Dozens of tornadoes ripped through the South, flattening homes and businesses and killing at least 215 people in six states in the deadliest outbreak in nearly 40 years.
As day broke Thursday, people in hard-hit Alabama surveyed flattened, debris-strewn neighborhoods and told of pulling bodies from rubble after the storms passed Wednesday afternoon and evening.
"It happened so fast it was unbelievable," said Jerry Stewart, a 63-year-old retired firefighter who was picking through the remains of his son's wrecked home in Pleasant Grove, a suburb of Birmingham. "They said the storm was in Tuscaloosa and it would be here in 15 minutes. And before I knew it, it was here."
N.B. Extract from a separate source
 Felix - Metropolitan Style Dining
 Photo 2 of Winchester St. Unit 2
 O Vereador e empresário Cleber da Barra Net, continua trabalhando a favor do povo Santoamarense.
He and his wife, along with their daughter and two grandchildren, survived by hiding under their front porch. Friends down the street who did the same weren't so lucky — Stewart said he pulled out the bodies of two neighbors whose home was ripped off its foundation.
Alabama's state emergency management agency said it had confirmed 131 deaths, while there were 32 in Mississippi, 30 in Tennessee, 13 in Georgia, eight in Virginia and one in Kentucky.
The National Weather Service's Storm Prediction Center in Norman, Okla., said it received 137 tornado reports into Wednesday night.
Some of the worst damage was in Tuscaloosa, a city of more than 83,000 that is home to the University of Alabama. Neighborhoods there were leveled by a massive tornado caught on video by a tower-mounted news camera that barreled through late Wednesday afternoon.